PROBLEM REQUIREMENTS
Every line below needs to be printed again exactly, without any of its pictures.

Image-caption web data
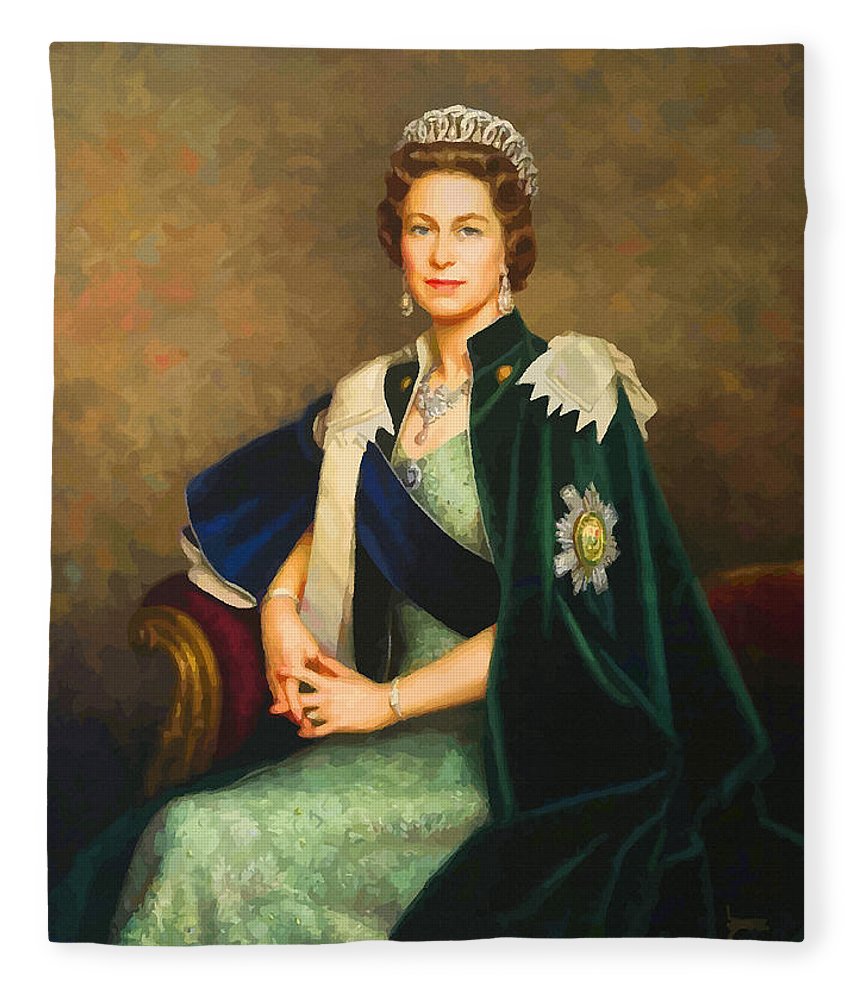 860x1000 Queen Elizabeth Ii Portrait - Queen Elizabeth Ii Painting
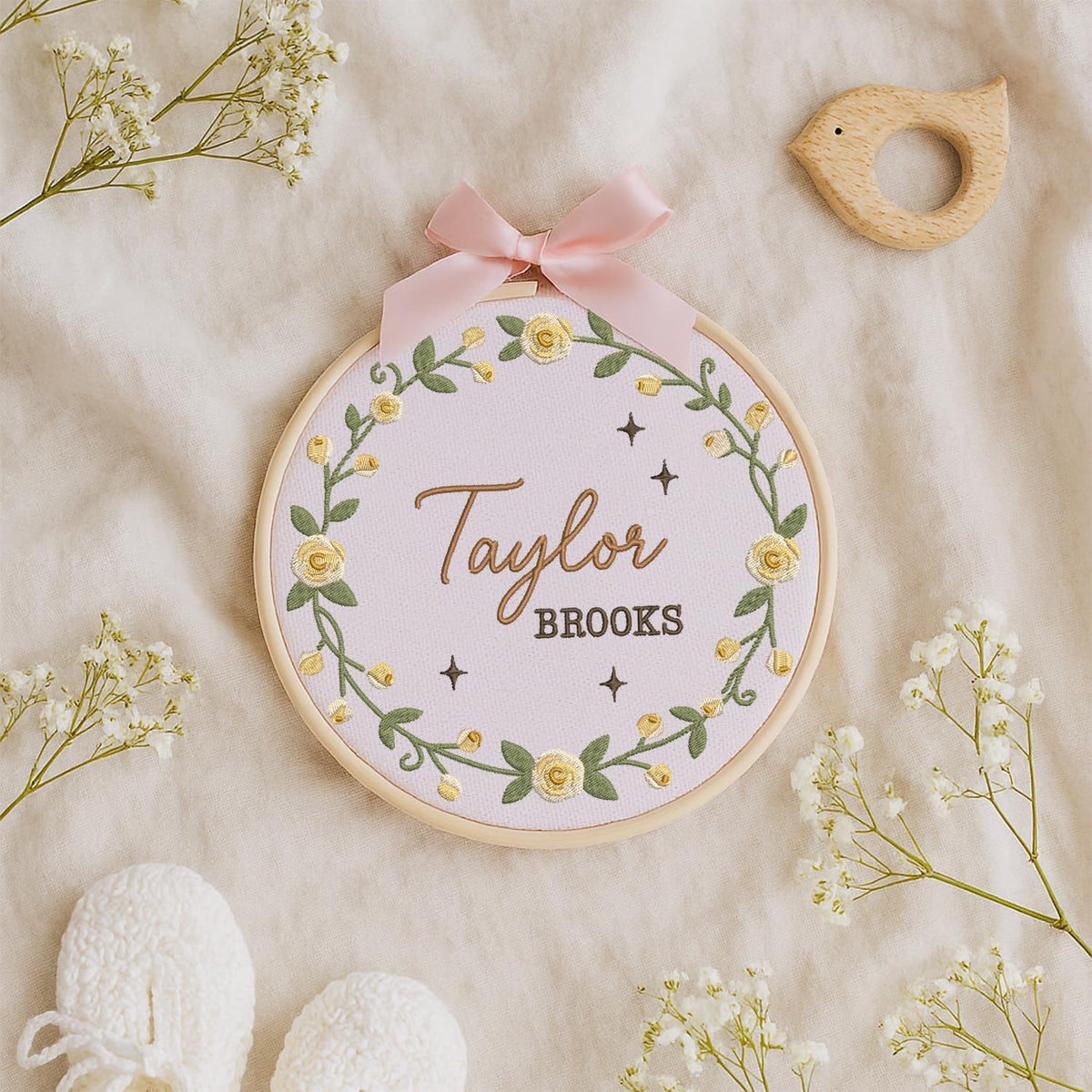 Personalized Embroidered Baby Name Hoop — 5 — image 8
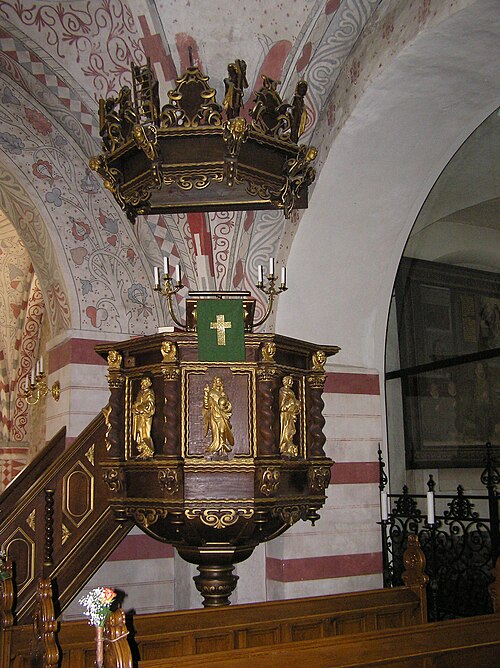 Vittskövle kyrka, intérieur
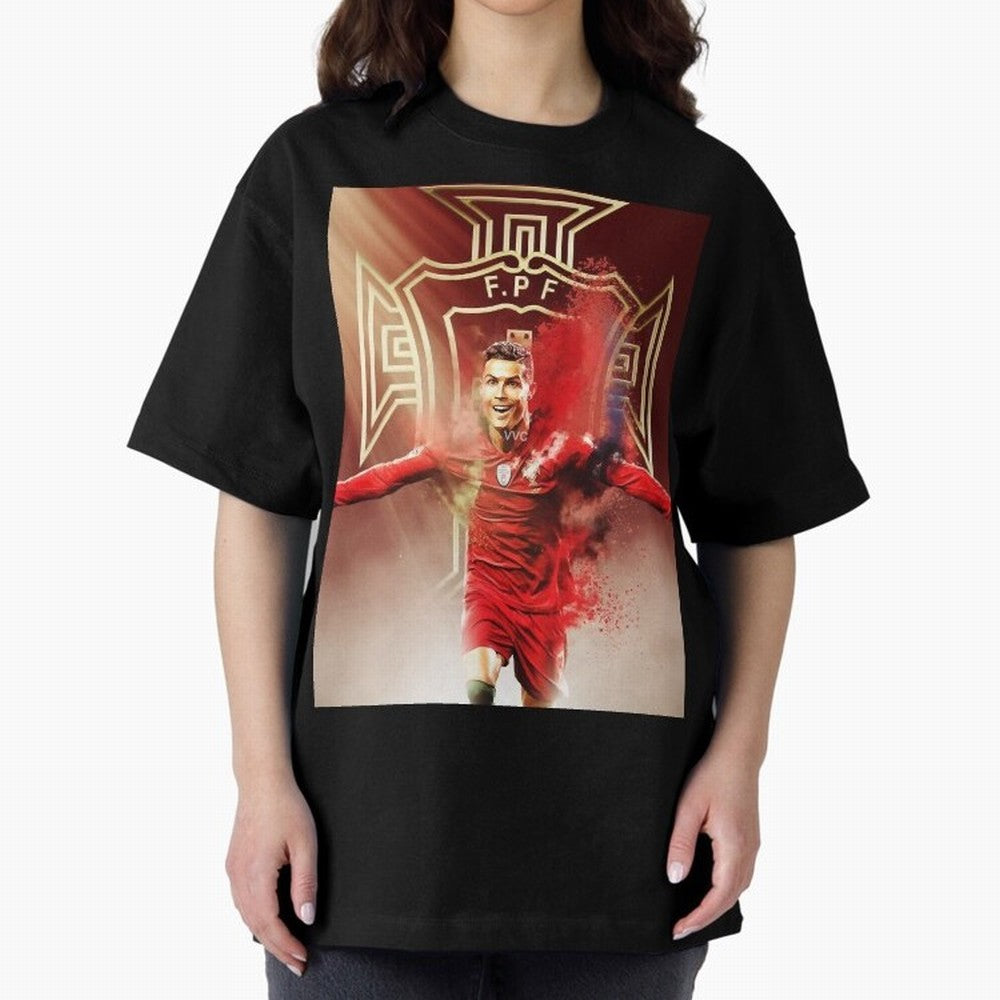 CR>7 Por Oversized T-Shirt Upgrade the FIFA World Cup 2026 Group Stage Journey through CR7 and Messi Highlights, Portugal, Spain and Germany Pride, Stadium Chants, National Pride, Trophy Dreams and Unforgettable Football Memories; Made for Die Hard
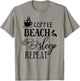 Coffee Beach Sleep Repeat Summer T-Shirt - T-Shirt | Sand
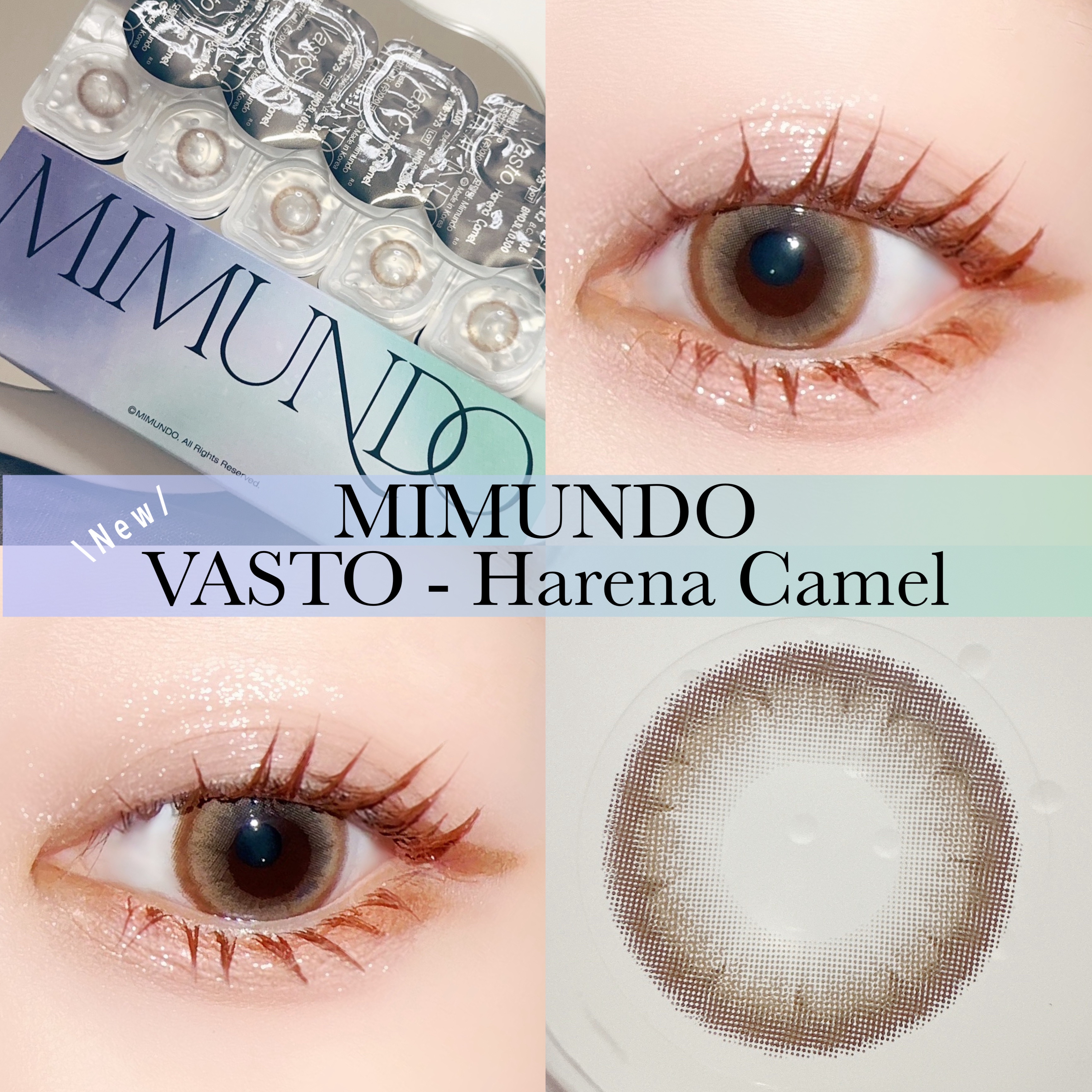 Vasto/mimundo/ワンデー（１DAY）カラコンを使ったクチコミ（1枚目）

OUTPUT
 860x1000 Queen Elizabeth Ii Portrait - Queen Elizabeth Ii Painting
 Personalized Embroidered Baby Name Hoop — 5 — image 8
 Vittskövle kyrka, intérieur
 CR>7 Por Oversized T-Shirt Upgrade the FIFA World Cup 2026 Group Stage Journey through CR7 and Messi Highlights, Portugal, Spain and Germany Pride, Stadium Chants, National Pride, Trophy Dreams and Unforgettable Football Memories; Made for Die Hard
 Coffee Beach Sleep Repeat Summer T-Shirt - T-Shirt | Sand
 Vasto/mimundo/ワンデー（１DAY）カラコンを使ったクチコミ（1枚目）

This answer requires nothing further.